Alma: Pixar Meets The Twilight Zone
The Avatar Dream
I like dreamers. What I like even more is people that stick to their dreams when everything tells them their dream is impossible. I have dreams, some are so big that I won’t even share them with most people, but I believe something is brewing and I will put the pieces of the puzzle together soon enough.

Having said that I read this article that I want to share. I am not the biggest fan of Avatar, saw it twice mainly because the first time I had just finished dinner and was so full I was falling asleep. I think the movie is a masterpiece in its technology and beauty, I love colors and there were plenty of colorful things there. Now, after reading this article I appreciate the movie even more. Avatar was a dream that if the dreamer had been too fast in making it there’s a chance it would’ve been a huge mistake.
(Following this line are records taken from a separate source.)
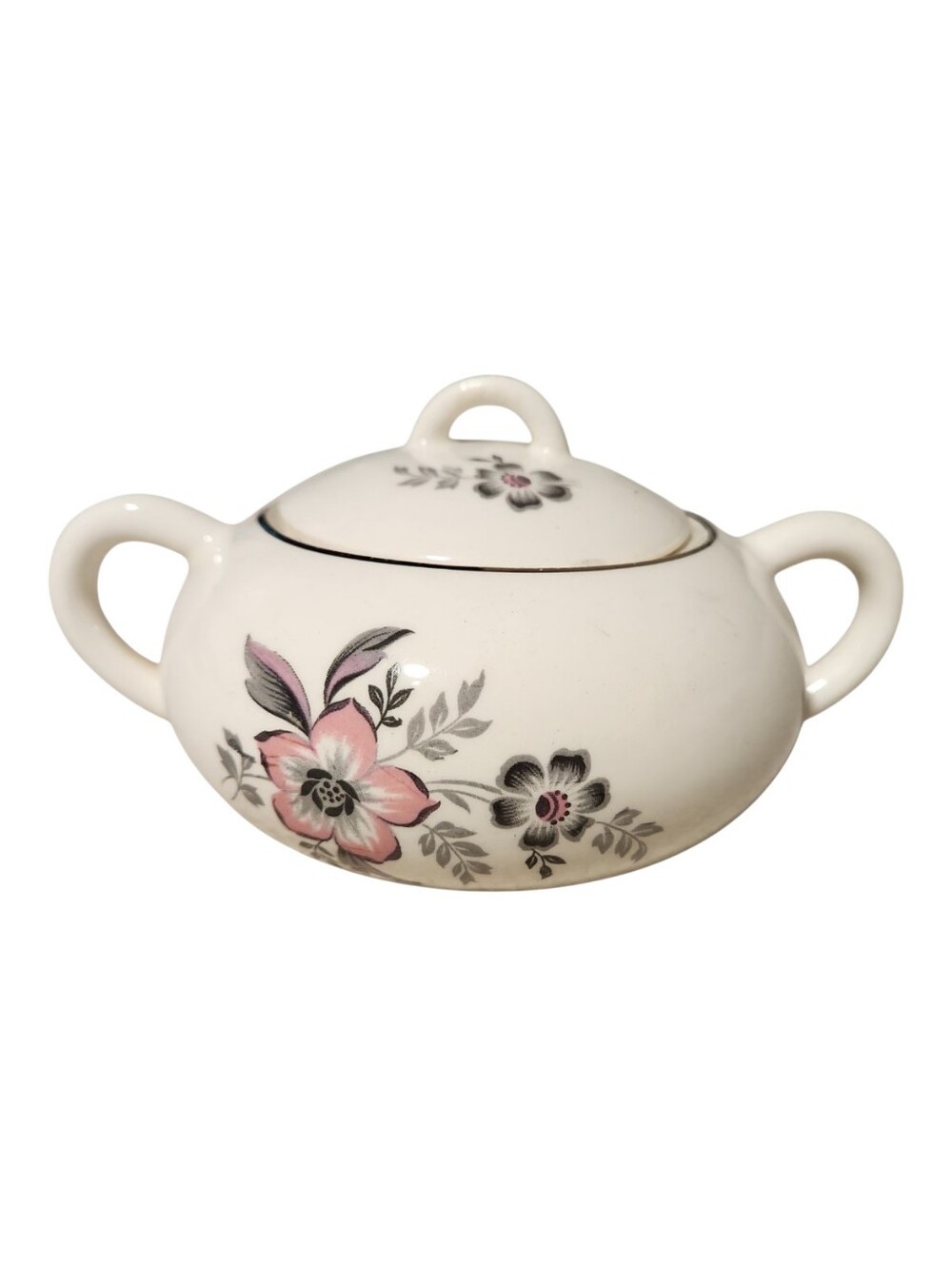 Vintage Royal Monarch Queen Anne Sugar Bowl With Lid Pink Floral Platinum Trim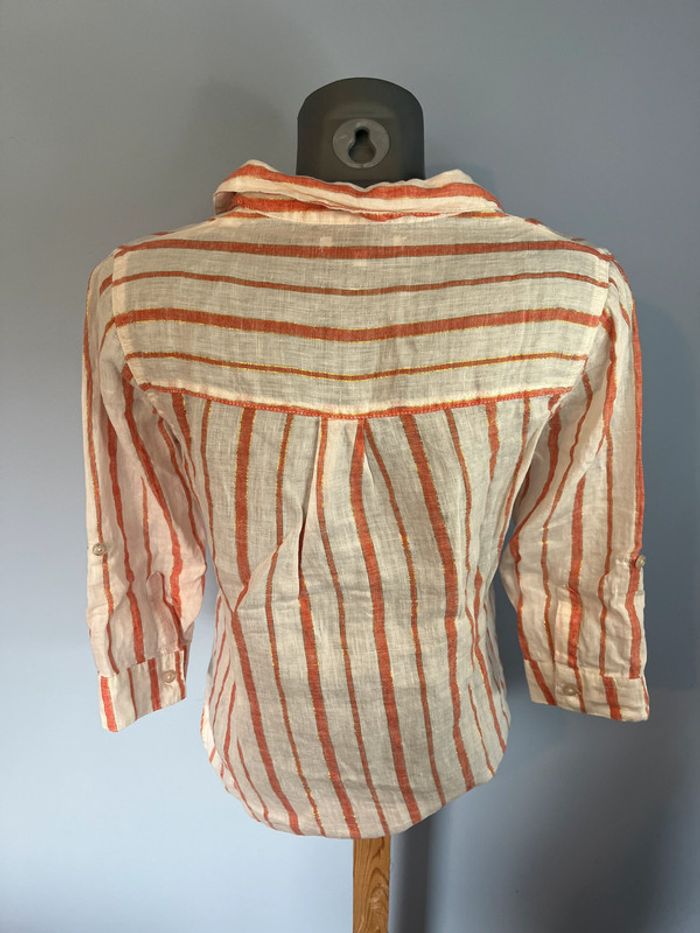 Chemise rayée blanc/rose doré Gerard Pasquier – taille 38 – lin & détails brillants - photo numéro 5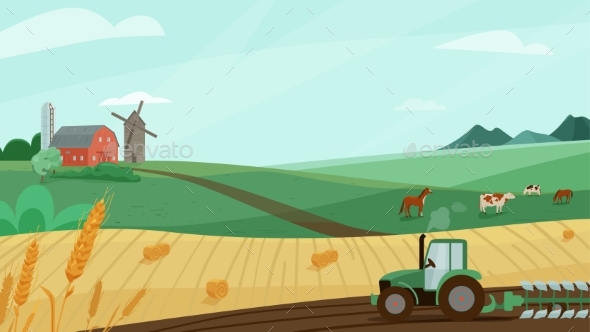 Farm Landscape Vector Illustration with Green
In 1977, a 22-year-old truck driver named James Cameron went to see Star Wars with a pal. His friend enjoyed the movie; Cameron walked out of the theater ready to punch something. He was a college dropout and spent his days delivering school lunches in Southern California’s Orange County. But in his free time, he painted tiny models and wrote science fiction — stories set in galaxies far, far away. Now he was facing a deflating reality: He had been daydreaming about the kind of world that Lucas had just brought to life. Star Wars was the film he should have made.
It got him so angry he bought himself some cheap movie equipment and started trying to figure out how Lucas had done it. He infuriated his wife by setting up blindingly bright lights in the living room and rolling a camera along a track to practice dolly shots. He spent days scouring the USC library, reading everything he could about special effects. He became, in his own words, “completely obsessed.”